This question was previously asked on Math SE.

Every Riemann surface can be embedded in some complex projective space. In fact, every Riemann surface $\Sigma$ admits an embedding $\varphi : \Sigma \to \mathbb{CP}^3$. It follows from the degree-genus formula that the same is not true if we replace $\mathbb{CP}^3$ with $\mathbb{CP}^2$; for example, no Riemann surface of genus two can be embedded in $\mathbb{CP}^2$.

Said another way, there exists a compact complex manifold of dimension three into which every compact Riemann surface embeds (namely $\mathbb{CP}^3$), but the natural two-dimensional candidate (namely $\mathbb{CP}^2$) does not have this property. So my question is

Is there a compact complex surface into which every compact Riemann surface embeds?

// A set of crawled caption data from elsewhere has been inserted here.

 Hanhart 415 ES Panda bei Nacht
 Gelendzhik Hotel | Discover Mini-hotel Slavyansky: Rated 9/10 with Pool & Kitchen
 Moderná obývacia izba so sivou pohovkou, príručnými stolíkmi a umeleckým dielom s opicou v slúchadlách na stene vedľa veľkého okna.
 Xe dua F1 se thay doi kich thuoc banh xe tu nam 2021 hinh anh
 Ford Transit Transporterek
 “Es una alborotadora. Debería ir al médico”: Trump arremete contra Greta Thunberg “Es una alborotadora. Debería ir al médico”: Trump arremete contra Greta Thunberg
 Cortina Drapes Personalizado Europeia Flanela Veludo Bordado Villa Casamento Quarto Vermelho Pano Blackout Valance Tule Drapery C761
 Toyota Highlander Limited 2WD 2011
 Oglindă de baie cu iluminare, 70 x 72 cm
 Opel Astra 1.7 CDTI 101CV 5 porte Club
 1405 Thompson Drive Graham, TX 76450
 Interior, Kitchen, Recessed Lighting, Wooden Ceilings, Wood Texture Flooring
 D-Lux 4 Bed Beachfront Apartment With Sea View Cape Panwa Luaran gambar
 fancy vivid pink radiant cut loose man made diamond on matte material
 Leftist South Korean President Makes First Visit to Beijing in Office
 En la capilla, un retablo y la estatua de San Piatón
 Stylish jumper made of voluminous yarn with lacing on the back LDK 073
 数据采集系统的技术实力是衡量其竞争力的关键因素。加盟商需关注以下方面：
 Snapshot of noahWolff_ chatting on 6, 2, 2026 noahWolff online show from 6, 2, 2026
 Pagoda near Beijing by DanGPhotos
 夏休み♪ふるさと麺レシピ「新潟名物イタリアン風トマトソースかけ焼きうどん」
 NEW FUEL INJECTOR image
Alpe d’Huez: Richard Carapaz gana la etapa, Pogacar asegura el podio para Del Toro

The only other surface I have checked is $\mathbb{CP}^1\times\mathbb{CP}^1$. My hope was that every Riemann surface $\Sigma$ admitted an embedding $\varphi : \Sigma \to \mathbb{CP}^3$ with $\varphi(\Sigma)$ contained in the image of the Segre embedding $\mathbb{CP}^1\times\mathbb{CP}^1 \to \mathbb{CP}^3$. Many more Riemann surfaces embed in $\mathbb{CP}^1\times\mathbb{CP}^1$ than in $\mathbb{CP}^2$ - in particular, every genus can be realised. However, not all Riemann surfaces can be embedded in $\mathbb{CP}^1\times\mathbb{CP}^1$: any genus three Riemann surface which embeds in $\mathbb{CP}^1\times\mathbb{CP}^1$ must be hyperelliptic, but one can show using a dimension counting argument that there exist non-hyperelliptic genus three Riemann surfaces.